Shocked Xander flipped the folder open and found a bunch of legal documents, followed by something with a lot of numbers on it.
“It won’t mature until you’re twenty-two. Then you can do anything you want with the money, whether spend or reinvest. But the manager will shell out to cover advanced education at any time, whether it’s college or more hands on classes. I know you mentioned your tempted by construction.”
“Grandfather… I…” Shocked, Xander closed the folder and tried to hand it back.
“It’s yours,” William said, pushing the folder gently to Xander’s chest. “The money has been collecting for over a decade. Whether you spend it or save it for your children, that’s up to you. But let an old man know he’s done something for his grandchild.”
Feeling like a broken record, but meaning every word, Xander said, “Thank you.”
William smiled and pulled Xander into a hug until he was feeling a little less shocky.
“Well, if that set you off this probably won’t help.” William released Xander and handed him a credit card. One with Alexander Harris firmly imprinted on it. “This is for the rest of your trip. Pay for a hotel room if Martha and Johnathan won’t let you stay on the farm. Or for gas and hotel rooms if you decide to finish your road trip. Whatever you need, within a bit of reason, have fun this summer.”
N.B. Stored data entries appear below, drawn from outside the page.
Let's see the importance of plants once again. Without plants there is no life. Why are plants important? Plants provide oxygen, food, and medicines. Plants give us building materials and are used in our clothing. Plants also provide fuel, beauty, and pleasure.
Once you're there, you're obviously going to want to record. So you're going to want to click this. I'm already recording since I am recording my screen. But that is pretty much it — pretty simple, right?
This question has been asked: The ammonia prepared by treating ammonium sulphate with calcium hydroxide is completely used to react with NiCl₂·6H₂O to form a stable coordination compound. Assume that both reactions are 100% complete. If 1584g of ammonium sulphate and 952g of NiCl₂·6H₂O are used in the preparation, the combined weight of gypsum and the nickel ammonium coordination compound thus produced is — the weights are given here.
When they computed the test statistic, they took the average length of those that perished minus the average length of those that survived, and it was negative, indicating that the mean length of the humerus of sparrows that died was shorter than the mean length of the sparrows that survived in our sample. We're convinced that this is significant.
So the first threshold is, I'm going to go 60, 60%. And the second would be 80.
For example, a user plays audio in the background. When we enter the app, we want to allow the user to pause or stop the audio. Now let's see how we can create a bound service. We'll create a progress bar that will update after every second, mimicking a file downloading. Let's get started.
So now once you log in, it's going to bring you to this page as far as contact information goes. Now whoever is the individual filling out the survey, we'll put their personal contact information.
“Call it a graduation present.”
Snorting, Xander accepted the card. “You already used that to convince me to accept the ticket here and the wad of cash you shoved at me for clubbing.”
“And museums, cabs, lunches….”
The shared a laugh. “Alright,” Xander said. “Graduation present. I’ll shred it when I get home.”
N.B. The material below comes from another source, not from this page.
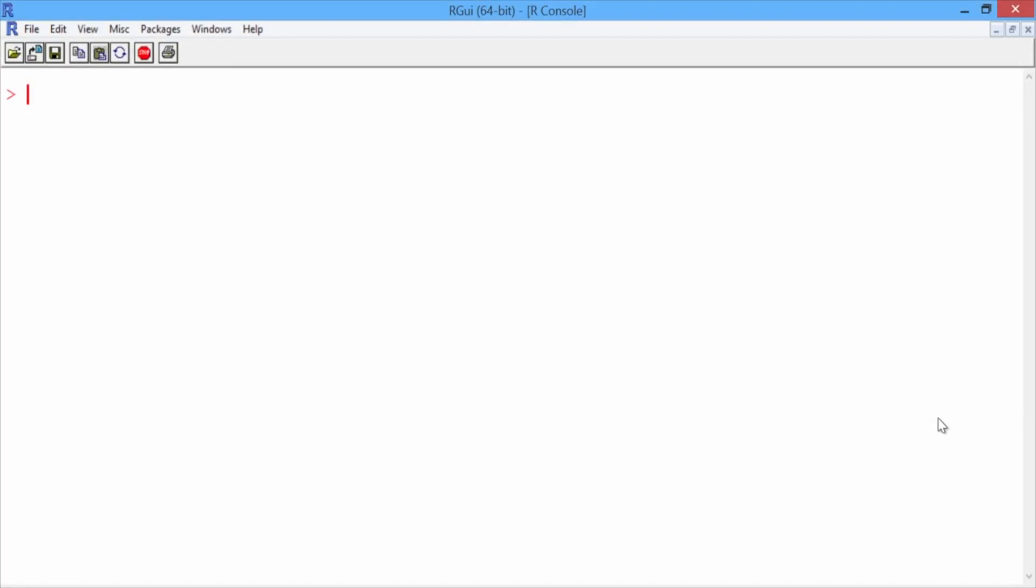In this video, we'll build a CART model to predict healthcare cost. First, let's make sure the packages rpart and rpart.plot are loaded with the library function.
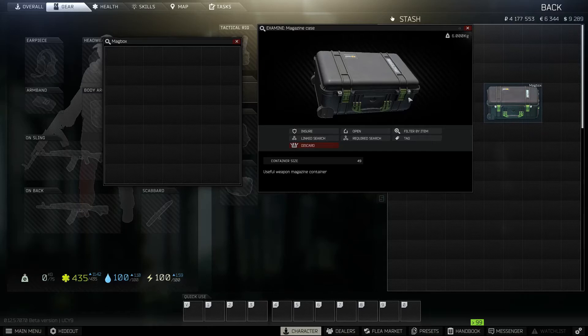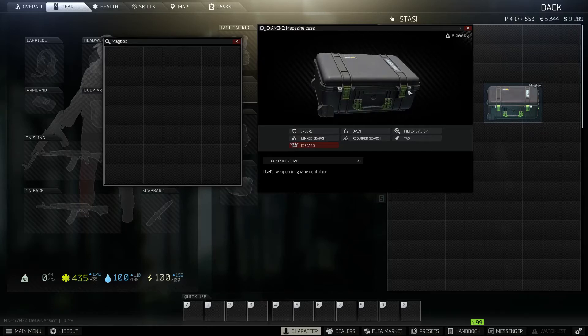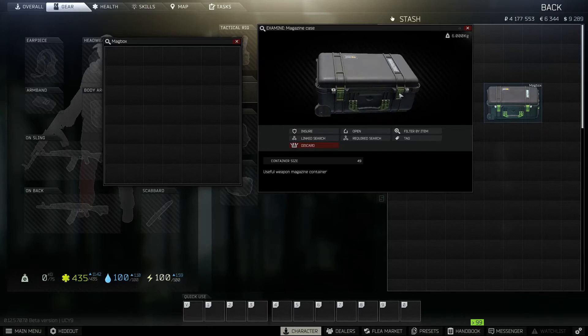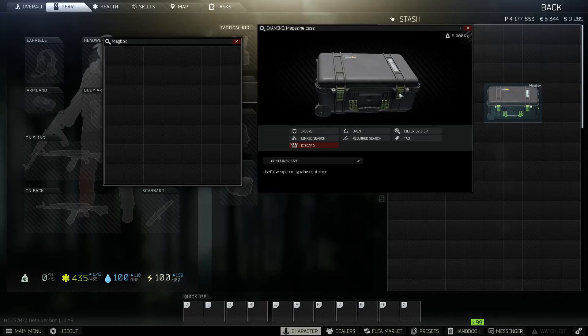You can make this at level 2 lavatory for 2 expeditionary fuel tanks, 1 metal cutting scissors, and 3 bolts and 3 nuts.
“Don’t,” William said firmly. “Keep it. For emergencies.”
“Grandfather,” Xander said, shaking his head.
“Shred it when you hit twenty-two if you must, but I’ll feel better knowing you have it if you ever get stuck in Oxnard broke again. Or injured without insurance.” Oh, that knowing look meant he’d gotten ahold of Xander’s medical records somehow. “It’s not for drugs, birthday presents, or covering rent. I’ll expect a call and explanation for any purchases. But if something comes up and you need the money now, I’d rather you had that.”
It was so hard to see someone care about him. Xander was used to offhanded care from his friends and Giles, and a little more serious support from Joyce, but he’d never have a relative care about him so much. This time Xander took the step forward and wrapped his arms around his grandfather. “Thank you,” he whispered into gray hair, his hands gripping folder and card behind his grandfather’s back.
They stayed like that for some time, and for a moment Xander wondered if this time he’d actually cry. But the moment passed and they finally separated and smiled at each other.
“The car’s covered as long as you want it,” William finally said. “Road trip included.”
“I’ll let you know,” Xander promised.
“And… maybe you could let me know how my daughter’s doing?”
Xander had always wondered just what a worried father looked like, and now he thought he knew. “I promise at least a basic assessment.”
William leaned forward and pressed a kiss to Xander’s forehead. “Take care of your mother when you get home.”
“I will.” That wasn’t a promise, it was a given.
“Now off with you, and have fun.”
Urged through the door, Xander looked in awe at the nice car parked out front, already loaded with three new suitcases full of clothes. Damn his life had changed the last few weeks.